“Dios es fiel en todas sus palabras, en todas sus obras” (Sal 145). La tónica general de la historia de Dios con el hombre es su fidelidad. Nada, ni siquiera el pecado, impide a Dios llevar adelante su plan de salvación, aunque el hombre caiga, una y otra vez, en la duda, en la traición, en la desidia o en la negación. La fidelidad a Dios es un deber que ha de nacer de un profundo y delicado amor. No es cuestión de voluntarismo, ni siquiera de méritos. Es el juego del amor, que no mide la grandeza o pequeñez de los actos, ni siquiera de los deseos, sino que sólo se preocupa de amar y más amar.

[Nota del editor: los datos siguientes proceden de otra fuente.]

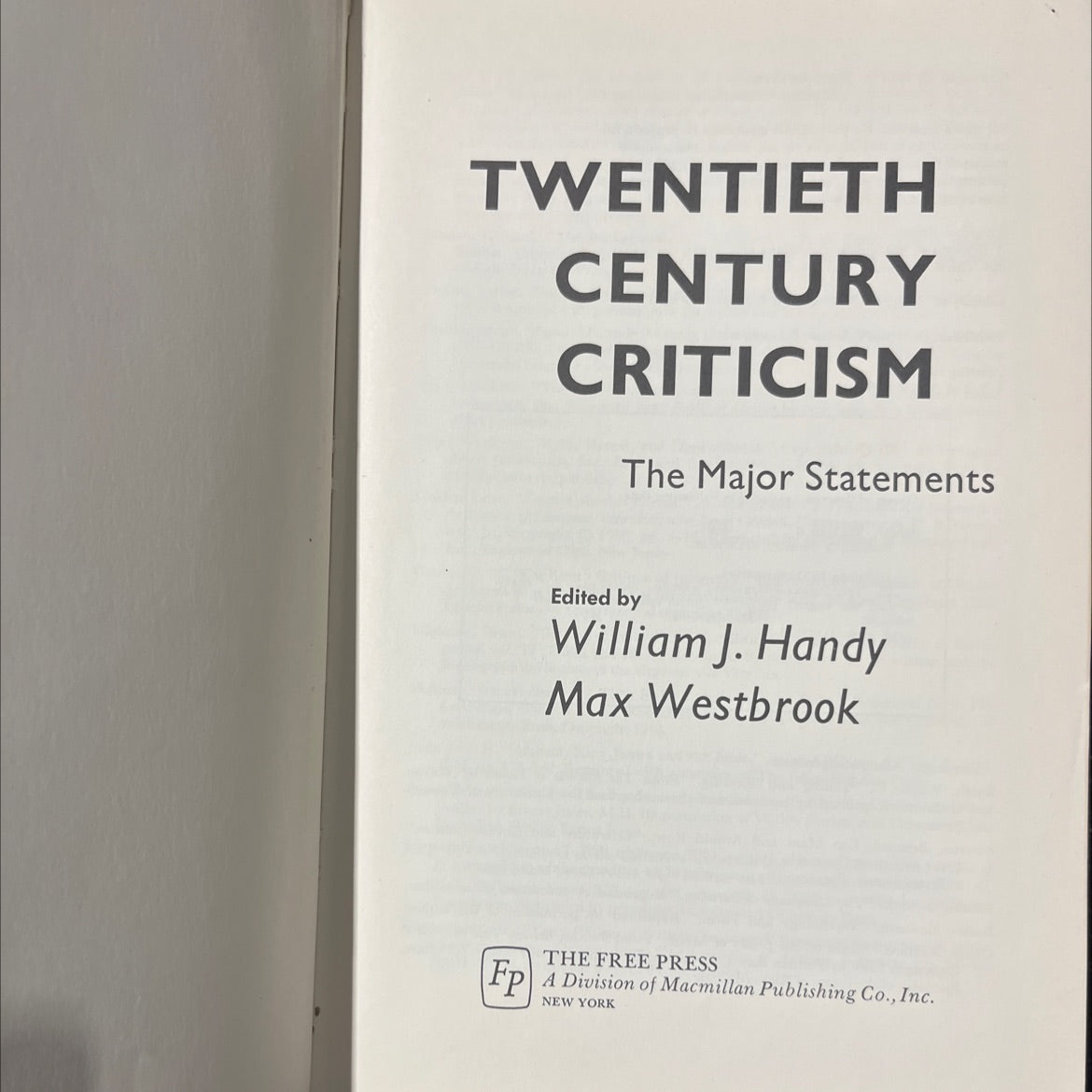 twentieth century criticism the major statements book, by William J. Handy, Max Westbrook, 1974 Hardcover image 2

“En esto conocemos que permanecemos en él, y él en nosotros: en que nos ha dado de su Espíritu” (1 Jn 4,13). La fidelidad, gracias a la acción del Espíritu Santo, nos habla de permanencia. Permanecer en el amor no es, sin más, soportar con resignación, sino enamorarse de la fidelidad de Dios y corresponder con nuestra entrega concreta y constante. La fidelidad es fundamento de nuestra existencia cristiana, y garante de una conciencia que sabe actuar en cada momento, considerando qué es lo más adecuado para vivir coherentemente con lo que se ha recibido. Permanecer, en este sentido, es perpetuarse más allá de la materialidad cansina y rutinaria de las cosas. La fidelidad hace que el amor admire lo pequeño y hermoso que somos y tenemos, aunque otros no sepan reconocerlo, porque no pone el ejercicio de amar en las cosas sino en Dios mismo, y por Él mismo.
Pedimos al Espíritu Santo que la historia que nos toca vivir, la del día a día, no sea un tiempo más del calendario, sino un gran talento, la oportunidad de volcarnos, definitivamente, en manos del Dios fiel, capaz de amarnos sin que lo merezcamos.